After a quick interior reorganization and crash redecoration, it turned out the basement location was not Tambien's biggest problem. The biggest problem was that the food sucked. Bad. I ate dinner at Tambien a few weeks after it opened in August and was horrified by burnt carne asada, lukewarm beer and green chile that tasted like chunky water. Second time around, the chile was a salt lick in salt sauce with a little salt for garnish, and the carnitas plate appeared to have been made on opening night, wrapped in plastic, left in the freezer and then rewarmed for service a few hours before I showed up. But at least the beers were cold.

Even restaurateurs as experienced as Morreale and Yontz need time to break in a new menu, a new crew, and I decided to give Tambien some, falling back for a while on Mezcal and the more traditional taquerías of Federal Boulevard. In the meantime, Yontz lost the distraction of Chama — his own restaurant in Belmar that closed over landlord/tenant issues — and had more time to focus on Tambien, working in the kitchen with longtime head cook Roberto Diaz.

I finally returned one night last month and had desebrado sopes — my favorite thing on Mezcal's menu — and they were just as good as the ones at Mezcal. I chased them with the tamal al puerco, spiked variously with guajillo and chipotle, doodled with Mexican crema. Once part of my regular Chama order, the tamal here was strangely fluffy, with the texture of white birthday cake and the flavor of amateur cornbread. But the sauces were good, the pork good, the plate well put together, and I felt as though the kitchen was finally homing in on a bull's-eye that it would eventually hit.

I came back on an unseasonably warm Tuesday afternoon a few weeks ago for cold beer and tacos al pastor topped with pineapple salsa — not exactly what I ate in that Juárez bar, but fine. The green chile was even better, and I ended up scraping the bowl with my spoon — pleased to see that the kitchen had remembered to add the chile this time, had started browning the nuggets of pork rather than just letting them poach down to the consistency of well-chewed gum, had left the salt shaker on the counter.

And now, finally, the Christmas miracle. Surrounded by twinkle lights and the sweet honking of mariachi carols, I have camarones al chipotle that are like eating garlic firecrackers — a preparation perfectly balanced between eat-with-your-fingers rusticity and the chefly exactitude of haute cuisine that has been Yontz's hallmark since he gave the finger to the whole fine-dining scene a few years back. The mole rojo chicken legs dotted with white sesame seeds are delicious, the mole brick-red, hot, smooth as cocoa and chile wrapped in liquid velvet. The pozole is like water in the desert — so good I want to swim in it, float away on a life preserver of perfectly soaked hominy. Even the tamal hits the mark — it's been deflated, solidified, brought back in line with tradition while still maintaining its modernist sauces, its Nagel squiggle of squeeze-bottle style.

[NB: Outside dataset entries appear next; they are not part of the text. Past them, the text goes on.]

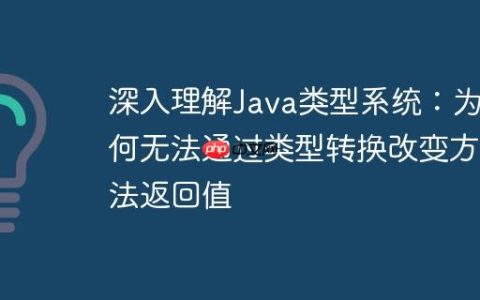 深入理解Java类型系统：为何无法通过类型转换改变方法返回值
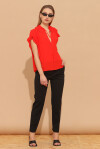 Blusa senza maniche con rouches - 4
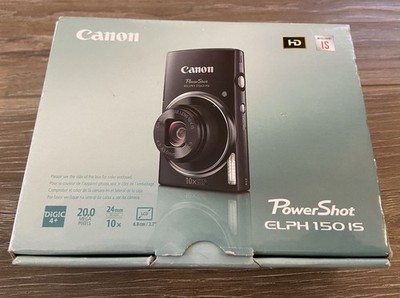 Canon PowerShot ELPH 150 IS Digital Camera NEW Complete In Box 20MP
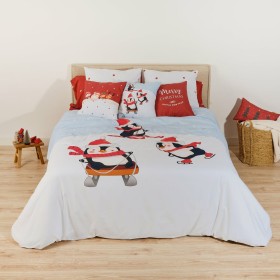 Conjunto de capa de edredom Alexandra House Living Brenda Multicolor Casal 3 Peças | Tienda24 Tienda24.eu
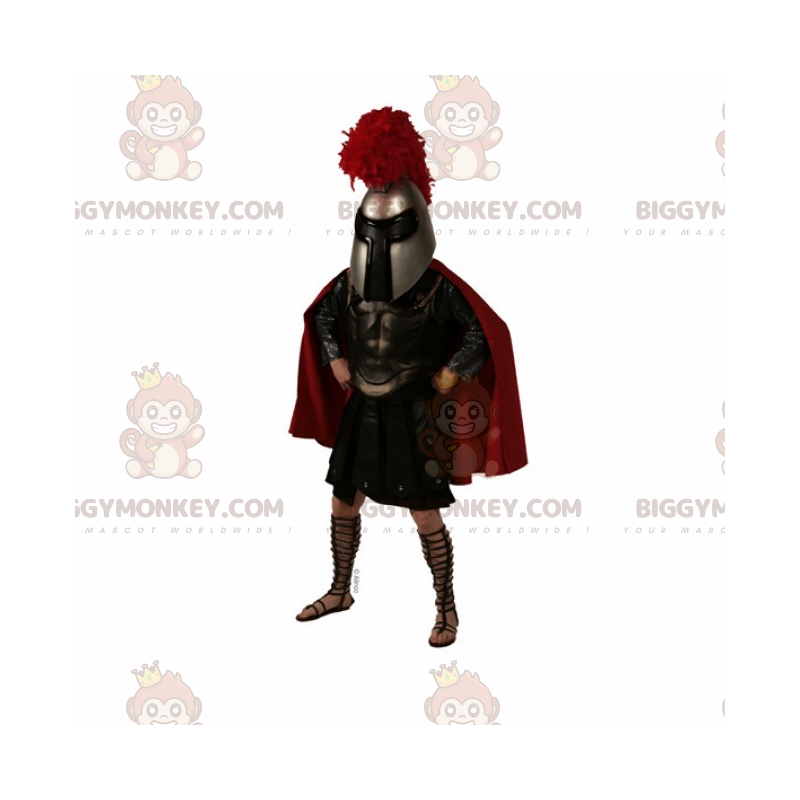 Gladiator BIGGYMONKEY™ maskotkostume med kappe - Biggymonkey.com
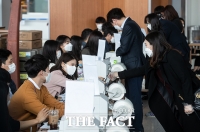  4.7 서울시장 보궐선거 사전투표 모의시연 [포토]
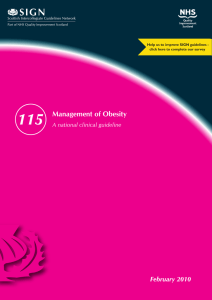 Management of Obesity. - Scottish Intercollegiate Guidelines Network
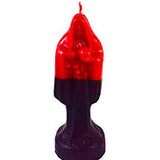 10" Red/ Black Holy Death candle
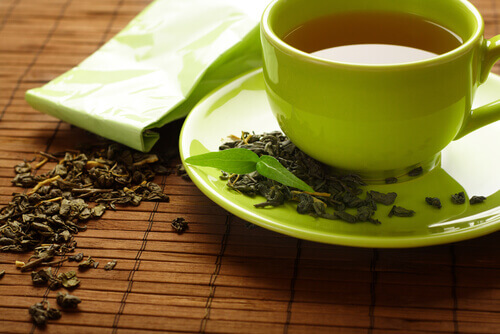 Drick en kopp te på morgonen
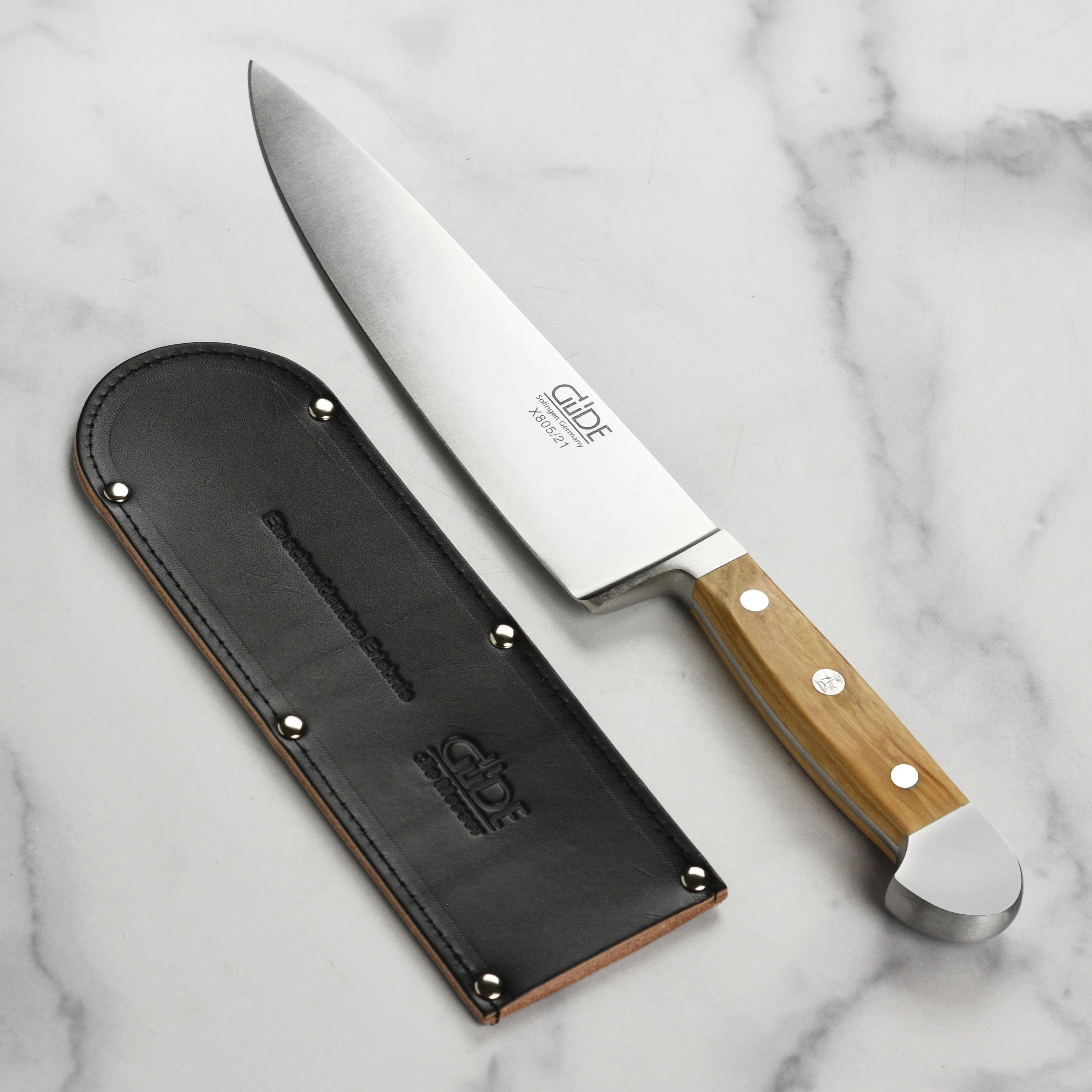 Gude Leather Sheath for 8.25" Chef's Knife - Image 5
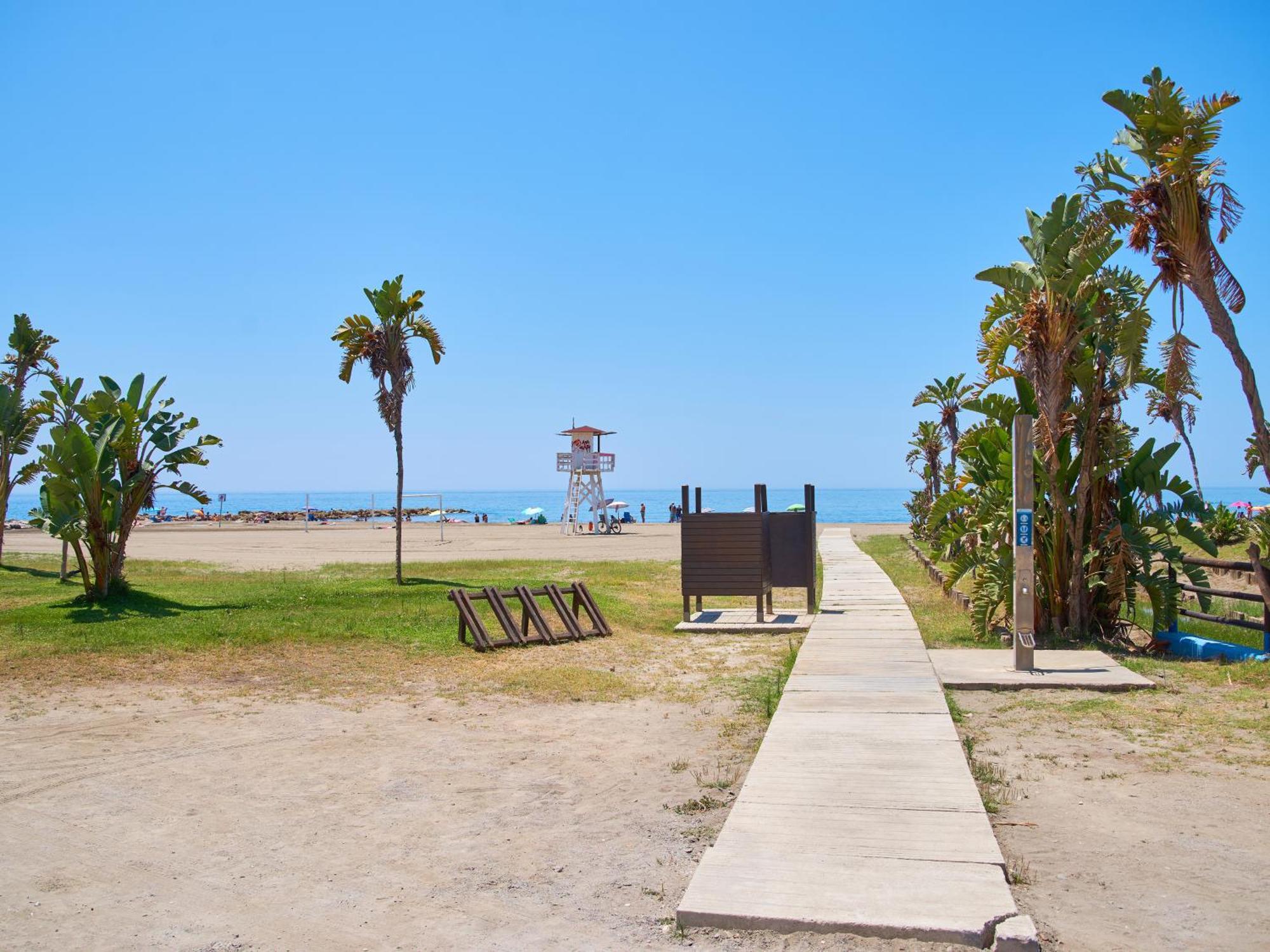Lovely Studio With Seaview 700M From The Beach La Cala Del Moral Extérieur photo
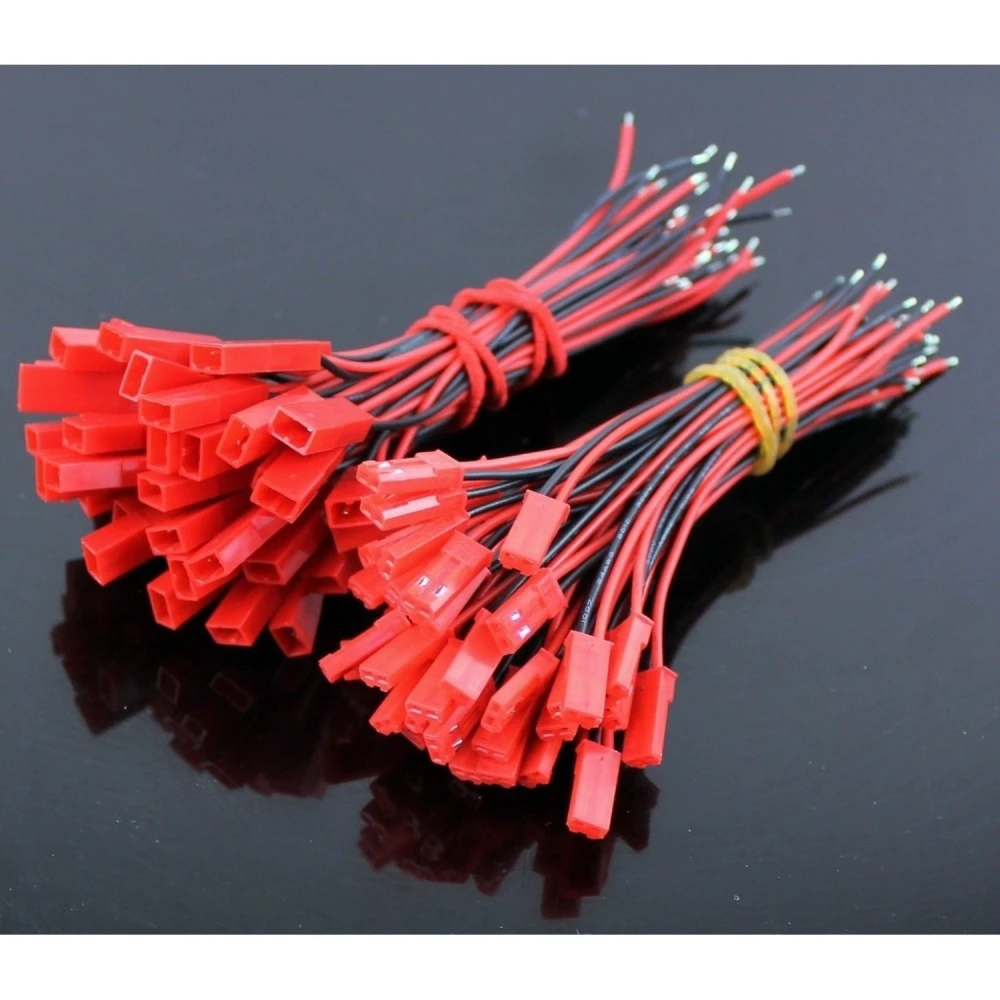 20 kpl JST-liitinpakkaus johdolla (10 naaras + 10 uros) droneihin ja RC-käyttöön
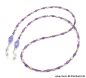 Preview: Brillenkette - Brillenband "beige - lila"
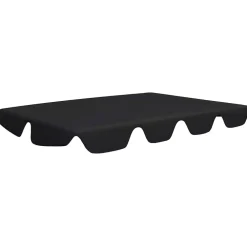 New FinePRICE Puutarhakeinun Vaihtokatos musta 188/168x145/110 cm (12093)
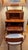 Sheraton Inspired English Secretary Desk with Leather Writing Surface by Tibbenham of England With Custom Bouclé Klismos-...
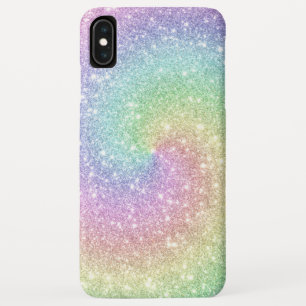Farbenfroher Regenbogen Glitzer Spirale Trendy Case-Mate iPhone Hülle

True, Tambien is still in a basement. But it's now also a good restaurant, a Mezcal/Chama crossbreed that rises to the bar set by both — to street level, at least, and sometimes higher. And when I finish my dinner, I do the same, tromping up the steps with a belly full of food and a head full of sur de la frontera Christmas spirit. I'm remembering that night in Juárez, the happiness, the crowd, the piñatas waving overhead. And as I reach the top, it begins to snow.